Hi Richard,

 

We are also using some IOS-XR devices.

Do you see sometimes empty spaces within your traffic graphs for the specific time when the thresholds are set to NULL or anything changed?

 

Mit freundlichem Gruß

Stadtwerke Norderstedt

 

Denis Klimek

 

Professional Network Engineer

IP-Systemtechnik

 

Tel:        040 / 521 04 – 1049

Mobil:    0151 / 652 219 06

 

dklimek@stadtwerke-norderstedt.de

www.stadtwerke-norderstedt.de

 

Von: observium [mailto:observium-bounces@observium.org] Im Auftrag von Richard Savage via observium
Gesendet: Montag, 24. Juni 2019 10:51
An: Observium
Cc: Richard Savage; Adam Armstrong
Betreff: Re: [Observium] Sensor limits creating false alerts

 

This was the event log at the time of the incident:


When it happens next is there any worthwhile in me running some commands from the CLI to get any debug?

Thanks

Richard

On 24/06/2019 09:47, Adam Armstrong via observium wrote:

Thresholds for this MIB come from the device itself. It seems likely that the device returned an incorrect threshold setting for some reason. 

 

Does it always change the threshold to the same value? Does that value match the thresholds of any other similar sensors?

 

We wouldn't autogenerate a threshold where one already exists.

 

adam.

On 2019-06-24 09:39:59, Richard Savage via observium <observium@observium.org> wrote:

Hi Adam

Ive managed to get the issue to re-create.  You can see from the screenshot that the alert triggered because the threshold value disappeared @08:24 on 18 June.  What happened is the threshold changed to 0V - (∞) 2.76V  This meant that the current value of 3.25 threw an alert.

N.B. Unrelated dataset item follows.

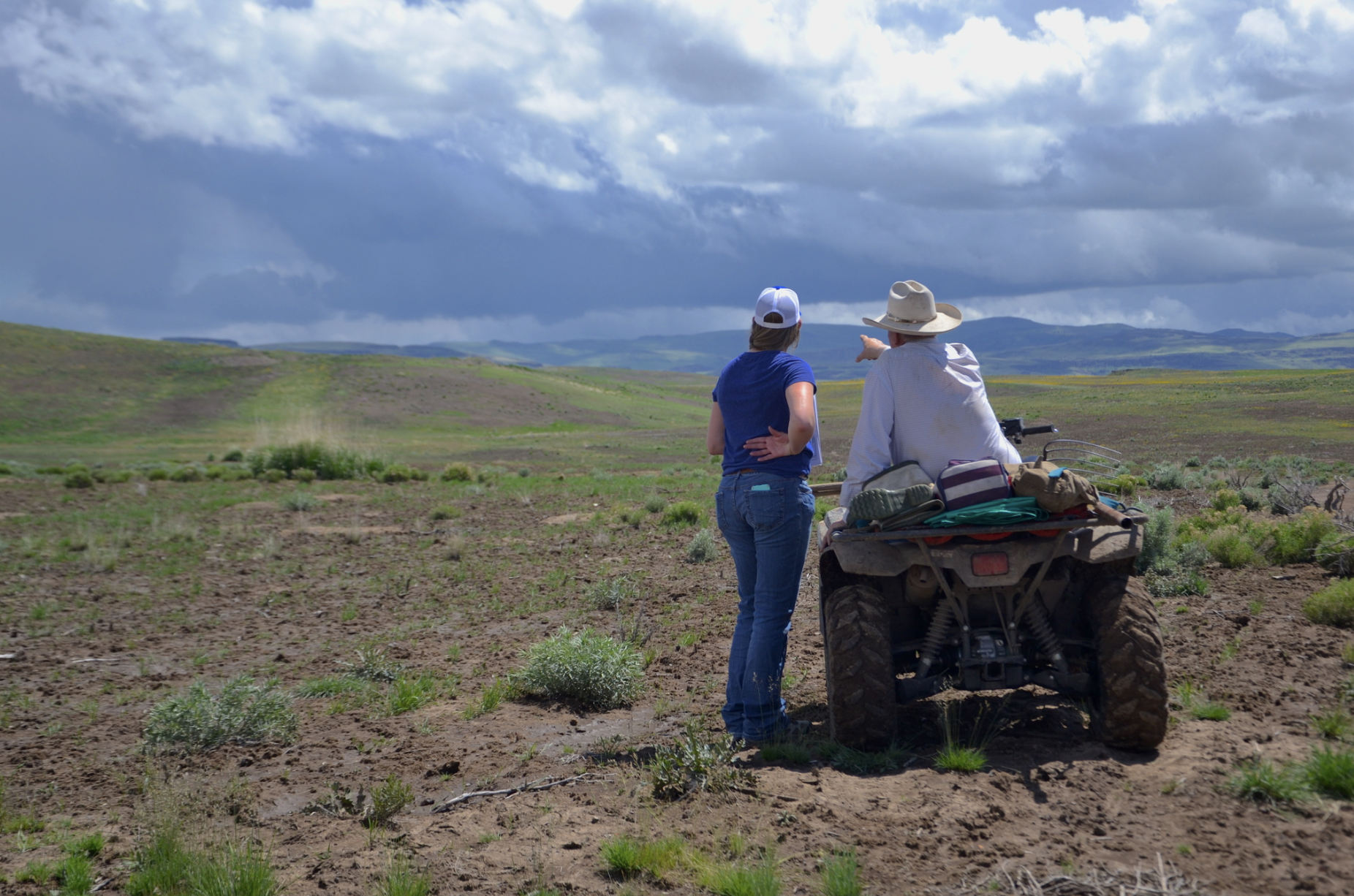 Fueling Conservation, New Agreement Around Wildfire Management and Restoration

Later on that day @14:35 on 18 June with no action from anyone the alert cleared and the sensor thresholds have returned to the correct values:






This is just 1 example of 1 sensor but at the time I had pretty much alerts for all sensors on the ASR.

Can this please be looked into and fixed?

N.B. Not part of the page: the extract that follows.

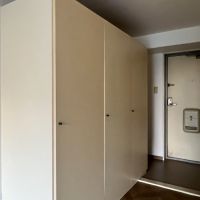 大阪市西区京町堀の賃貸物件/【Aタイプ】廊下には収納スペース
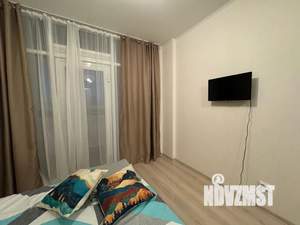 Студия квартира, посуточно, 30м2, 10/25 этаж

If you need any more info then please let me know.

Thanks

Richard


On 31/05/2019 10:39, Klimek, Denis via observium wrote:

Hi all,

 

I think it’s related to the problem that the device is NOT returning any values for limits. So Observium is creating the limits dynamically based on the current sensor value that the device returned.

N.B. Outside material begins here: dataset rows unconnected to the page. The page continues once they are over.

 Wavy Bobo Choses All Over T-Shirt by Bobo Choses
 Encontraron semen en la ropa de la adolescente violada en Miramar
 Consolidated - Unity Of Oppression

If the value is changing i.e. voltage, temperatures. We see also a lot of sensor updates in the eventlogs.

 

Tested with latest 6.3.3 and 6.5.3 on Cisco ASR.

 

Mit freundlichem Gruß

Stadtwerke Norderstedt

 

Denis Klimek

 

Professional Network Engineer

IP-Systemtechnik

 

Tel:        040 / 521 04 – 1049

Mobil:    0151 / 652 219 06

 

dklimek@stadtwerke-norderstedt.de

www.stadtwerke-norderstedt.de

 

Von: observium [mailto:observium-bounces@observium.org] Im Auftrag von Adam Armstrong via observium
Gesendet: Donnerstag, 30. Mai 2019 11:55
An: Richard Savage via observium
Cc: Adam Armstrong
Betreff: Re: [Observium] Sensor limits creating false alerts

 

These limits are likely being updated because the device has returned a different set of limits.

 

We'd need to know where these sensors came from to know.

 

adam.

On 2019-05-30 09:07:45, Richard Savage via observium <observium@observium.org> wrote:

From what I can see the sensor limits keep being updated on each poll.  Surely they should just be a static value and not need to be changed??



Thanks

Richard

 

On 29/05/2019 20:22, Richard Savage via observium wrote:

Ill try and get a screenshot next time it happens of the sensors, as it shows that the sensor value is still there in terms of the actual voltage, but the threshold limit isn’t there at all and just shows 0 or the infinity symbol from memory

 

Richard




On 29 May 2019, at 20:16, Richard Savage via observium <observium@observium.org> wrote:

 

Its a 9006 running 5.3.4 with 2 x A9K-RSP440-SE with some A9K-40GE-L and  A9K-16T/8-B line cards in

 

Thanks

 

Richard




On 29 May 2019, at 19:24, Klimek, Denis <DKlimek@Stadtwerke-Norderstedt.de> wrote:

 

Hi Richard,

 

which ASR9K model do you have and which IOS-XR version are you running?

 

Regards,

Denis

 

Von: observium <observium-bounces@observium.org> Im Auftrag von Richard Savage via observium
Gesendet: Mittwoch, 29. Mai 2019 17:16
An: Observium <observium@observium.org>
Cc: Richard Savage <richard@zananet.com>; Adam Armstrong <adama@memetic.org>
Betreff: Re: [Observium] Sensor limits creating false alerts

 

It seems to have become more of an issue on the ASR9K's in the v19.5.9916 that we are running.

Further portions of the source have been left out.